Lenses and open tools

Ways to hold AI choices to account — and some open infrastructure worth knowing about.

Bearing — seven lenses for choosing AI

A tool for weighing AI models against seven lenses: quality, capability, speed, cost, sustainability, transparency and privacy. A ready-made set of questions to hold any AI choice up to, in a policy or a breakout. Built by The Good Ship.

Open Recommendations — freeing knowledge from PDFs

An open-source project (from Data for Action) that uses AI to parse reports and pull their recommendations into one searchable place, so the sector builds on past work instead of starting from scratch.

The Frugal AI Switchboard

How to #QuitBigAI for smaller, local, open models. Another way to explore different models and their functions if Bearing doesn't hit the spot.

EcoLogits — environmental footprint of GenAI models

An open-source tool developed by CodeCarbon for estimating the energy consumption and environmental footprint when using generative AI models. Includes a calculator to explore the impact evaluation methodology.

GreenPT — an AI platform with sustainability in mind

A European AI platform that runs on renewable energy, keeps your data in the EU, and shows you exactly what every conversation costs.

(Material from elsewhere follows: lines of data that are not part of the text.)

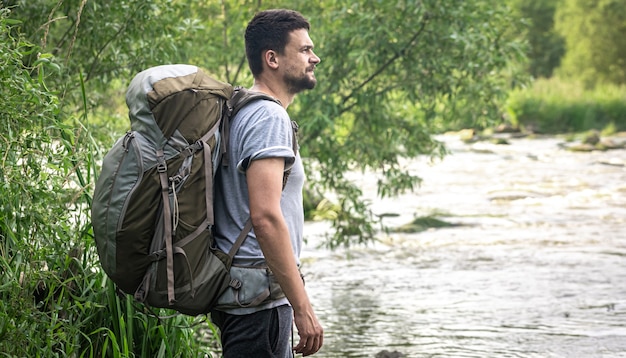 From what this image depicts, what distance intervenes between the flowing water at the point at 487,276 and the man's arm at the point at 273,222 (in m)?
4.63

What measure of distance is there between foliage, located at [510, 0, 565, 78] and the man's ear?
55.7 m

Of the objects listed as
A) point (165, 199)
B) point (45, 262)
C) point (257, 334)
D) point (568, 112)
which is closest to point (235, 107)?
point (165, 199)

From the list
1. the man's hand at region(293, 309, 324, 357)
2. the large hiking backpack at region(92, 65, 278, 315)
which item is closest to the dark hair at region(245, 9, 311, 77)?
the large hiking backpack at region(92, 65, 278, 315)

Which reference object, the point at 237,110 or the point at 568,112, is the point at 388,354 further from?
the point at 568,112

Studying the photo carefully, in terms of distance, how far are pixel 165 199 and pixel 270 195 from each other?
1.03ft

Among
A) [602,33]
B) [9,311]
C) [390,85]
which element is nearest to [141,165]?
[9,311]

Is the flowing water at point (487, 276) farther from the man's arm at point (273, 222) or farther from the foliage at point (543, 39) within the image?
the foliage at point (543, 39)

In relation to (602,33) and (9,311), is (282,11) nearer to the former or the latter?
(9,311)

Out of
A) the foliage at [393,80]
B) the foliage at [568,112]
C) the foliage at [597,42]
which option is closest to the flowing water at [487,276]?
the foliage at [393,80]

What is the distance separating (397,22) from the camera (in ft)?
27.9

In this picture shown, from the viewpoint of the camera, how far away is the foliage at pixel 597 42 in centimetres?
4516

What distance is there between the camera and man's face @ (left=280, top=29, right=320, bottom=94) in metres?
3.27

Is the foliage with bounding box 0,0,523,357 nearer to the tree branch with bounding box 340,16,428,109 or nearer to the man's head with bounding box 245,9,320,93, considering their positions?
the tree branch with bounding box 340,16,428,109

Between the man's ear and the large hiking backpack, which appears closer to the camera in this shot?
the large hiking backpack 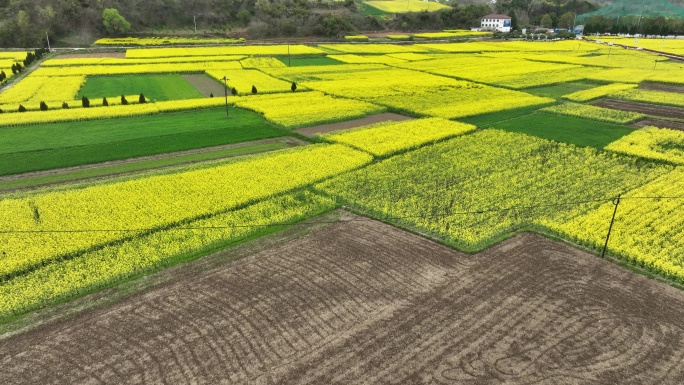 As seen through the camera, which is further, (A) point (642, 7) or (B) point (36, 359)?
(A) point (642, 7)

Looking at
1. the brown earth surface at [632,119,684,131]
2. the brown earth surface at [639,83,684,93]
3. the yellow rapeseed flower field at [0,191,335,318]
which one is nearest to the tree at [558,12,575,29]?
the brown earth surface at [639,83,684,93]

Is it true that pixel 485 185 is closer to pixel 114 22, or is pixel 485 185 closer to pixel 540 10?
pixel 114 22

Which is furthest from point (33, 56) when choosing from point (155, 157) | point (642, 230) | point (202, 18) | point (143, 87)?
point (642, 230)

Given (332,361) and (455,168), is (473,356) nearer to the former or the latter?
(332,361)

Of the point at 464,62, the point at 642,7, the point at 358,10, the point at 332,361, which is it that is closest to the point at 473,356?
the point at 332,361

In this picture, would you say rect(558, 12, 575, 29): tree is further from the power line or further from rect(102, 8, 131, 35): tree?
the power line

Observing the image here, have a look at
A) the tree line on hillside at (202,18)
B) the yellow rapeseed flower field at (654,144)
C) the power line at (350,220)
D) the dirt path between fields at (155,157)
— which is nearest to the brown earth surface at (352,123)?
the dirt path between fields at (155,157)

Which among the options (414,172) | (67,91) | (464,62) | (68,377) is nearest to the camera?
(68,377) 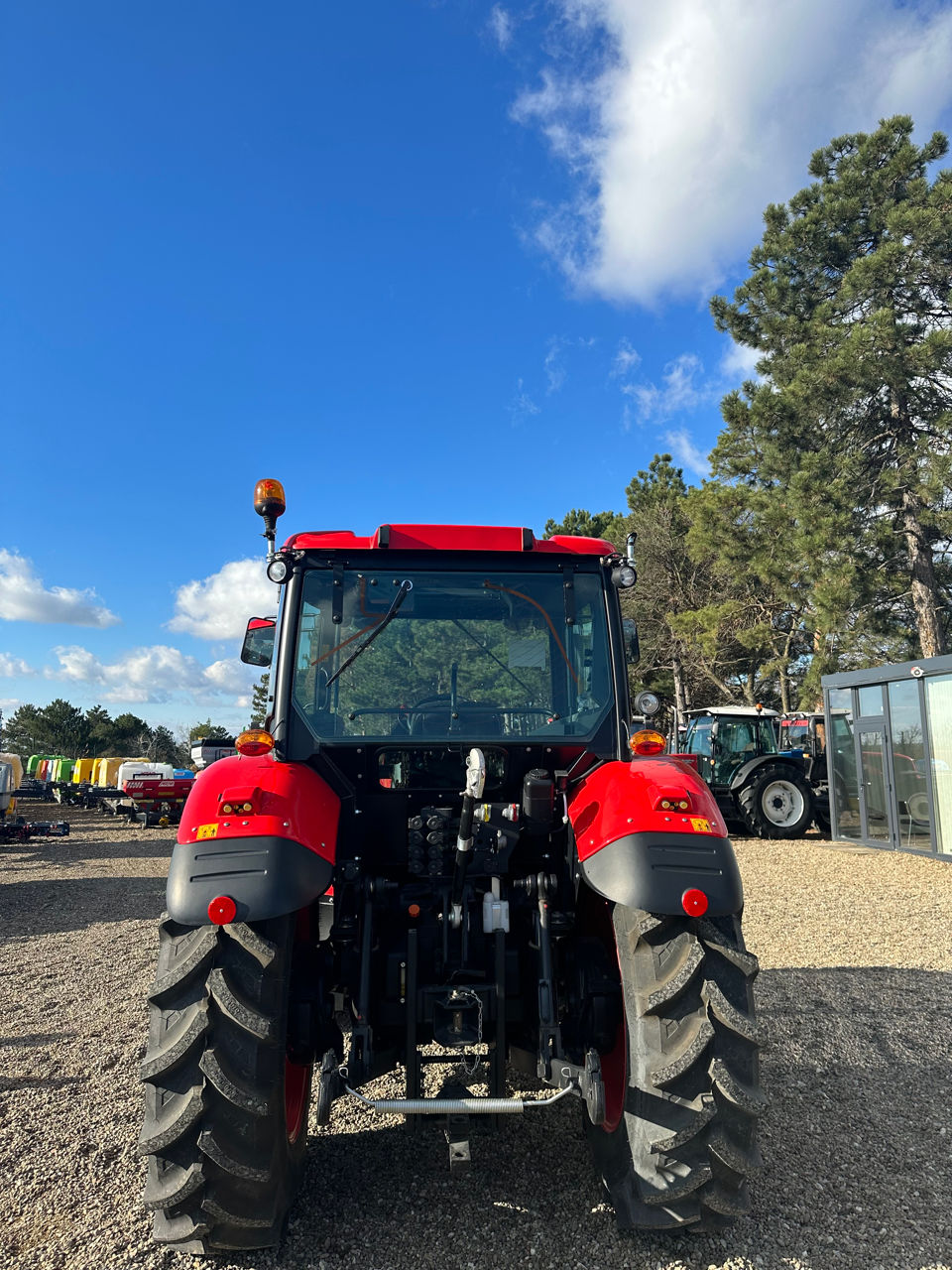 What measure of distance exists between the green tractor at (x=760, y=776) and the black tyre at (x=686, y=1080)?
12.7m

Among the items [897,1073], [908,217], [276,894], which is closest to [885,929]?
[897,1073]

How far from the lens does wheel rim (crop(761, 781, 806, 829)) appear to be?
15461 millimetres

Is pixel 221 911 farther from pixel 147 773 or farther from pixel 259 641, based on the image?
pixel 147 773

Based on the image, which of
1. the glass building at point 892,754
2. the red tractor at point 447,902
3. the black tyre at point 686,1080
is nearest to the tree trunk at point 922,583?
the glass building at point 892,754

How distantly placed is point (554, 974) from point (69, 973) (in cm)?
532

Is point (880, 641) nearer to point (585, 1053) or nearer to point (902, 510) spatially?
point (902, 510)

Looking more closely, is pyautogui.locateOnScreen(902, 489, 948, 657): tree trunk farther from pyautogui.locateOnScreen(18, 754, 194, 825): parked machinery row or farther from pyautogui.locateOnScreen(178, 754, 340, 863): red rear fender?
pyautogui.locateOnScreen(178, 754, 340, 863): red rear fender

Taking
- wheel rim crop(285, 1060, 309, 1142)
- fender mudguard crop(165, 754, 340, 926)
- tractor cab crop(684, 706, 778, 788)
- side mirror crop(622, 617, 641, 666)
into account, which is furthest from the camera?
tractor cab crop(684, 706, 778, 788)

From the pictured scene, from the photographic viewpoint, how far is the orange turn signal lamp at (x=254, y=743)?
9.09 ft

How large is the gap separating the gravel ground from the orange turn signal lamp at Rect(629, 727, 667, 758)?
5.08 feet

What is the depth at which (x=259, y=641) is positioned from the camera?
3.68 meters

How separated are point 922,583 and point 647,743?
59.6 feet

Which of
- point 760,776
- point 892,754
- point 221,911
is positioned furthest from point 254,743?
point 760,776

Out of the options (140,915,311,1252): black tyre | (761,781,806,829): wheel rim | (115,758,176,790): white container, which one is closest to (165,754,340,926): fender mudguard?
(140,915,311,1252): black tyre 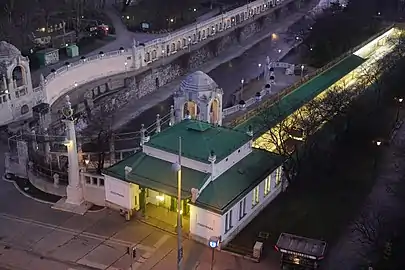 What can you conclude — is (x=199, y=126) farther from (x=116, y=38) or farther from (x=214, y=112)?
(x=116, y=38)

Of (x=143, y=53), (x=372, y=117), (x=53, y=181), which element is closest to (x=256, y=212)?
(x=53, y=181)

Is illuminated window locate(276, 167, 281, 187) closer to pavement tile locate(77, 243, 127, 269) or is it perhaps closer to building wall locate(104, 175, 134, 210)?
building wall locate(104, 175, 134, 210)

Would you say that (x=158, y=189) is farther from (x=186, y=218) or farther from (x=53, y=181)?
(x=53, y=181)

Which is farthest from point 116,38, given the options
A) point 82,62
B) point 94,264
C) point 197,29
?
point 94,264

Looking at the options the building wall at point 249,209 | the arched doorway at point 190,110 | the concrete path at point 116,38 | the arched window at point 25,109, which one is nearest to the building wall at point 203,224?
the building wall at point 249,209

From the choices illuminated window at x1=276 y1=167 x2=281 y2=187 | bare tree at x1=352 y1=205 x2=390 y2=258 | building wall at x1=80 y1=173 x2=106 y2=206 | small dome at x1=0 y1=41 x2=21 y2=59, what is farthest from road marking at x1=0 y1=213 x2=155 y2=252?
small dome at x1=0 y1=41 x2=21 y2=59

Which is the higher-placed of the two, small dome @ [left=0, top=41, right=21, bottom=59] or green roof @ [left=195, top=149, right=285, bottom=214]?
small dome @ [left=0, top=41, right=21, bottom=59]
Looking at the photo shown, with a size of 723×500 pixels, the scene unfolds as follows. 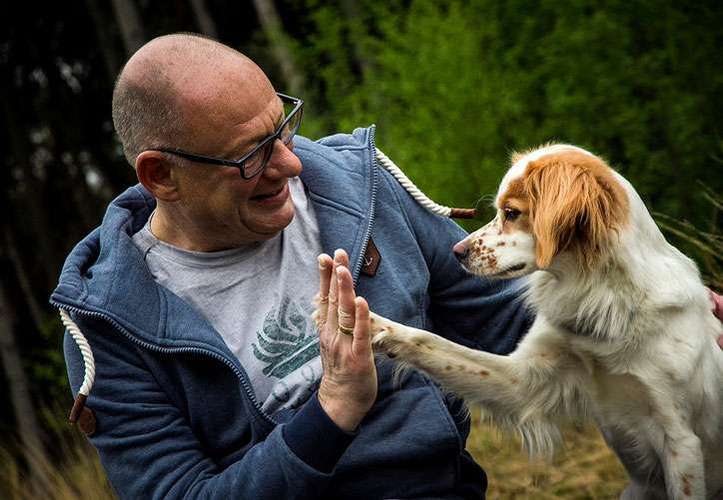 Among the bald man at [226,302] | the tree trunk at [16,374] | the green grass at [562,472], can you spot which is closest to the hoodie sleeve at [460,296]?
the bald man at [226,302]

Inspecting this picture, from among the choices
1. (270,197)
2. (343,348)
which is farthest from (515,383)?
(270,197)

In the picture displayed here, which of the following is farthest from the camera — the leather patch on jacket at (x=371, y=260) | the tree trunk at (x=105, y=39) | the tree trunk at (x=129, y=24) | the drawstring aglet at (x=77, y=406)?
the tree trunk at (x=105, y=39)

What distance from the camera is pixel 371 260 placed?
89.7 inches

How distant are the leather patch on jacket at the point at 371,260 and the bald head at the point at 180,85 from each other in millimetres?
448

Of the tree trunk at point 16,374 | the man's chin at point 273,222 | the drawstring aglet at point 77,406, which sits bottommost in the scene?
the tree trunk at point 16,374

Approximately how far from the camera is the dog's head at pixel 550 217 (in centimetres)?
231

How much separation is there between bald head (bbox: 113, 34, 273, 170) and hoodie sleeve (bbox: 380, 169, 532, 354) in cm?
51

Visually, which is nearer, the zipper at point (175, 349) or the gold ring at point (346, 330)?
the gold ring at point (346, 330)

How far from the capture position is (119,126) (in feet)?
7.60

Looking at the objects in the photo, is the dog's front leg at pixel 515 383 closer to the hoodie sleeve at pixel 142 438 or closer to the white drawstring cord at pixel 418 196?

AI in nature & conservation

A provocation works better with proof. These are real uses of AI in nature and conservation — several from Wildlife Trusts — that show the upside while, at their best, modelling care.

Scottish Wildlife Trust × Space Intelligence — mapping the wild from space

Through Nesta's AI for Good programme, with NatureScot, the Scottish Wildlife Trust worked with Edinburgh firm Space Intelligence to interpret large volumes of satellite radar and optical data — mapping the remaining fragments of natural woodland along rivers to plan wildlife corridors and nature recovery.

Orkney — AI cameras against an invasive predator

Conservationists are using AI-powered cameras to detect invasive stoats, which prey on the eggs and chicks of native ground-nesting birds, as part of efforts to eradicate them and protect those species.

Surrey Wildlife Trust — Space4Nature

A project combining very high-resolution satellite imagery, machine learning and citizen science to produce some of the most detailed habitat maps of their kind — accurate enough for ecologists and DEFRA to rely on. Local volunteers' field surveys train the model: people aren't at the end of the chain, they're teaching it.

The wider field

Open-source SpeciesNet identifies wildlife across millions of camera-trap images. Bioacoustic models pick out species from soundscapes. AI teams predict deforestation before it happens.